4.6 Attendance of Directors Directors are expected to attend Board and Committee meetings regularly. If any Director is absent for three consecutive meetings, then they will be deemed to have resigned. At the discretion of the majority of the Board, this condition could be waived in exceptional circumstances.

4.7 Removal of Directors The members may, by ordinary resolution at a special meeting, remove from office any director or directors, except persons who are directors by virtue of their office.

4.8 Ceasing to Hold Office The office of a Director shall be vacated upon the occurrence of any of the following events:

a. the Director ceases to be qualified as provided in Section 4.2;

b. they have not conducted themselves in accordance with Section 4.5;

c. their seat is considered vacant as set out in Section 4.6;

d. they are removed from office by an ordinary resolution of the members as provided in Section 4.7;

e. they have been found to be in conflict of interest as provided in Section 4.16;

f. they resign their office by notice in writing to the Association. Such resignation is effective immediately upon its tendering, unless otherwise specified in its terms; or,

g. dies.

4.9 Vacancies A vacancy on the Board may be filled for the remainder of its term of office subject to Section 4.1:

a. by the Board if the remaining Directors constitute a quorum; or

b. by the members at a general meeting of members called for this purpose.

4.10 Procedure for Vacancies If a vacancy is to be filled according to Sections 4.1 or 4.9(a) by a quorum of Directors, a notification must be sent to the members of ASH and be made available to the public with a call for nominations for the vacant positions. A period of 10 business days shall be given to allow for nominations of eligible persons. If the number of nominations exceeds the number of vacancies, candidates shall introduce themselves to the Directors at the following Board meeting, and the vacancies shall be filled by a consensus or a vote of the quorum of Directors.

4.11 Regular Meetings of the Board of Directors The Board may appoint a day or days in any month or months for regular meetings at a place and hour to be named. All members of ASH are welcomed to attend.

4.12 Frequency of Meetings Every attempt should be made for the Board to hold at least one meeting per month.

4.13 Special Meetings of the Board of Directors Special meetings of the Board shall be held from time to time at the call of the Board or the Chair or any three or more Directors presenting a written request to that effect to the Association’s Chair. Notice of the time and place of every meeting so called shall be given to each Director not less than 48 hours (excluding Saturdays, Sundays, and statutory holidays) before the time when the meeting is to be held, unless all Directors waive their right to notice or consent to the meeting.

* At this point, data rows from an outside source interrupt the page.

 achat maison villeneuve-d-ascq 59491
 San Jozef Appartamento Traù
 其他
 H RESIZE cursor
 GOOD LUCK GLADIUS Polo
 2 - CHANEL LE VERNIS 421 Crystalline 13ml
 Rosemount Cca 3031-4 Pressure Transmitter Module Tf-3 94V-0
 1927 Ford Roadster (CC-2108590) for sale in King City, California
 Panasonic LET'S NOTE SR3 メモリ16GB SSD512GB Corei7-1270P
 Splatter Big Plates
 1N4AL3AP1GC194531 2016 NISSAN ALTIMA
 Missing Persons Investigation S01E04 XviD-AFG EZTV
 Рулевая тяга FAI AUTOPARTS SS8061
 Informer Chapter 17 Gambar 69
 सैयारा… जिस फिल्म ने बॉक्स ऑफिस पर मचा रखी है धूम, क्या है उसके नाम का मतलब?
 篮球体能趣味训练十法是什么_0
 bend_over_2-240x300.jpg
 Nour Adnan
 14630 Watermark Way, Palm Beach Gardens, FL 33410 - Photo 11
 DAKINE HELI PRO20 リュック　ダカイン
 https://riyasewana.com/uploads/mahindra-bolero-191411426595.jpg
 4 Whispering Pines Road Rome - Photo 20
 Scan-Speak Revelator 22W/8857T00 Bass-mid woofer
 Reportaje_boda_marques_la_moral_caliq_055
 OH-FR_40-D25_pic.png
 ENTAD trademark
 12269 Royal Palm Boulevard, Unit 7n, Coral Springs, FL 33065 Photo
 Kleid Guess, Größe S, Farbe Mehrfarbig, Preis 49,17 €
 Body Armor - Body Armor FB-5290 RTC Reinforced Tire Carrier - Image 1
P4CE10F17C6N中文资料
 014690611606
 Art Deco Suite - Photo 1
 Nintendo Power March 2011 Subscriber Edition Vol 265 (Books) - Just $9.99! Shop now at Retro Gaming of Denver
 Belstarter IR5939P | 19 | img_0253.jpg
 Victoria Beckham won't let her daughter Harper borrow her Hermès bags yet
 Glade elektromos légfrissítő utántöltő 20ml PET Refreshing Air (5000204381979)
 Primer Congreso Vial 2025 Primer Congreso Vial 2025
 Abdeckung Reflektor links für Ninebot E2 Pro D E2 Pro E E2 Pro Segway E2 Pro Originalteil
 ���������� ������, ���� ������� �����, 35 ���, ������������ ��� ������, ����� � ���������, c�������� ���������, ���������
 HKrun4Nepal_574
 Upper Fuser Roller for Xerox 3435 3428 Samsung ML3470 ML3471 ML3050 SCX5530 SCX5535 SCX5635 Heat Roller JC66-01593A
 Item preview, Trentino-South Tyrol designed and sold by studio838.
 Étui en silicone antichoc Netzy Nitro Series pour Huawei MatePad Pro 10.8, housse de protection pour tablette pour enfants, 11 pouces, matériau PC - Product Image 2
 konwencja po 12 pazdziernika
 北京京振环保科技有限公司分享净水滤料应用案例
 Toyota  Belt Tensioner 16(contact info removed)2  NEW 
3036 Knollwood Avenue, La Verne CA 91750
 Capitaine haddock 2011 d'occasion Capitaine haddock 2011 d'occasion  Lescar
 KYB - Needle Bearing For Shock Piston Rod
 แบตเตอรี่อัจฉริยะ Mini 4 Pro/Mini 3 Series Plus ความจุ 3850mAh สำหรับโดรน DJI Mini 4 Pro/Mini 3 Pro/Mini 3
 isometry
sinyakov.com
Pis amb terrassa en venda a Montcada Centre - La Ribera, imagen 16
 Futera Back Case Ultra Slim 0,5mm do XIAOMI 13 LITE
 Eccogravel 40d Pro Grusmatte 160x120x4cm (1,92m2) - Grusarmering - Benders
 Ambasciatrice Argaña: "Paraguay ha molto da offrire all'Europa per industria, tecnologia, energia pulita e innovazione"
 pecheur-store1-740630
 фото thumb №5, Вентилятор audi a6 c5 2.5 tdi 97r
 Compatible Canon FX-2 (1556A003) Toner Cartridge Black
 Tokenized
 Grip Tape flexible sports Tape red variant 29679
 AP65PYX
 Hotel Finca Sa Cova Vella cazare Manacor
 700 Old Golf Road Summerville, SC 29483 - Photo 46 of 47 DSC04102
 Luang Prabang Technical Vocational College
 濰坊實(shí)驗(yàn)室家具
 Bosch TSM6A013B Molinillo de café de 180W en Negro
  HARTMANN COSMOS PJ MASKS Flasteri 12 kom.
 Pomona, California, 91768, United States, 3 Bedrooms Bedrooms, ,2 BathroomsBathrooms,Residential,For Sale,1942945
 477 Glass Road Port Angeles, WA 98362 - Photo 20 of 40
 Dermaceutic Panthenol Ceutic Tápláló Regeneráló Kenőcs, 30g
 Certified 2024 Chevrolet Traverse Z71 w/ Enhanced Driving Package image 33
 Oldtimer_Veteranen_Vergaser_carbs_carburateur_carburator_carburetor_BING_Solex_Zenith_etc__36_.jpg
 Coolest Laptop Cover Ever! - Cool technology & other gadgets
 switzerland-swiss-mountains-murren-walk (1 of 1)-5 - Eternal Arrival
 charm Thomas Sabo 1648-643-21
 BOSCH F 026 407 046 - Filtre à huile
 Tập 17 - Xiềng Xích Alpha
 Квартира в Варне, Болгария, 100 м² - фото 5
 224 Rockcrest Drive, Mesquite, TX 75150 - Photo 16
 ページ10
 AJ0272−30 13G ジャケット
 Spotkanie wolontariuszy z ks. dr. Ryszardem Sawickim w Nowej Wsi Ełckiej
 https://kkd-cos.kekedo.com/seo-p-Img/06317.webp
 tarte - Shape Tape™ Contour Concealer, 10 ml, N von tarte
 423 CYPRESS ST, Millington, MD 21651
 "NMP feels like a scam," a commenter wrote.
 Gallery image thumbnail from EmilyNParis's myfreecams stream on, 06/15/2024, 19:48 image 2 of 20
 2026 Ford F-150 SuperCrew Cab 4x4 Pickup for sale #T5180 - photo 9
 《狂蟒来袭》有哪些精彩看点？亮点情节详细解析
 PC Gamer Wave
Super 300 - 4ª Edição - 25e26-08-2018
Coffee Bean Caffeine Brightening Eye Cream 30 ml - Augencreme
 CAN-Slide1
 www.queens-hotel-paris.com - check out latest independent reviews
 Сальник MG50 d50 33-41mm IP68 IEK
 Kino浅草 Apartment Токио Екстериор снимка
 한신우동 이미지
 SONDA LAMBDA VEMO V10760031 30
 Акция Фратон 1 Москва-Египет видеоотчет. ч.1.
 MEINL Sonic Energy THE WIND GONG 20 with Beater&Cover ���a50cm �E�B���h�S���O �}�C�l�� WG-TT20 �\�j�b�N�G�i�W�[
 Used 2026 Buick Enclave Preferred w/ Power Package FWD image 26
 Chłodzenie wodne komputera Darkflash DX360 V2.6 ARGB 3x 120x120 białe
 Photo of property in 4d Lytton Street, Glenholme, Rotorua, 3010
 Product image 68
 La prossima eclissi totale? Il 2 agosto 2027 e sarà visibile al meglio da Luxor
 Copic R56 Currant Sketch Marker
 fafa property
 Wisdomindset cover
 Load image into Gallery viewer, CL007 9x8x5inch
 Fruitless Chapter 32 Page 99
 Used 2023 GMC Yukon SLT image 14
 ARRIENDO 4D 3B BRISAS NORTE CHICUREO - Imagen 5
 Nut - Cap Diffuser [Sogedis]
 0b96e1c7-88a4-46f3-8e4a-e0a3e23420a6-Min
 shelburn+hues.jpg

4.14 Place of Meeting Every attempt will be made to hold meetings of the Board in Sandy Hill.

4.15 Votes to Govern At all meetings of the Board, every item shall be decided by a majority of the votes cast by Directors, excluding ex officio Directors, on the question.

a. Notwithstanding section 4.15, a majority of the votes cast by the Officers of the Association is sufficient to approve expenses incurred in support of ASH purposes, up to a maximum of five hundred dollars ($500).

b. Decisions of the Board can be taken by electronic means, including by e-mail. In order to be accepted, a decision taken by electronic means needs to have received the express support of a majority of Board members.

4.16 Declaration of Interest It shall be the duty of every Director or Officer who, in any way, whether directly or indirectly, has a personal legal or monetary interest in a question before the Board to fully declare the extent of such interest. No Director or Officer may take part in the Board discussion, cast a vote, or attempt to influence such vote, on any question in which they have an interest. Any Director or Officer found to not have complied with this section, or to have violated the Association’s policies with respect to conflict of interest, shall cease to be a Director or Officer.

4.17 Remuneration As provided in the Association’s letters patent, the Directors shall serve as such without remuneration but shall be entitled to be paid expenses and incidentals as approved from time to time by the Board.

4.18 Committees The Board may, by resolution, create or dissolve Committees to serve the business of the organization. Unless otherwise provided, the Chair shall be a member ex officio of all Committees. Committees created by the Board shall draft written terms of reference. Every Director shall Chair or co-Chair a committee, except for Officers as approved by the Board.

4.19 Duties of Committees The Board may appoint Committee Chairs selected from the Board of Directors. Committee Chairs are accountable to the Board and are responsible for carrying out their tasks as outlined in their terms of reference, for reporting and proposing resolutions to the Board at regular monthly meetings, and for providing reports at the Annual Meeting. Committees must always seek approval of their activities from the Board. Committee Chairs are responsible for ensuring that any proposed or recommended activities do not contravene the Act or the Association’s Bylaws.

SECTION FIVE OFFICERS

5.1 Officers Officers of the Association include the Chair, the Vice-Chair, the Secretary, the Treasurer and such other Officers as the Board may determine.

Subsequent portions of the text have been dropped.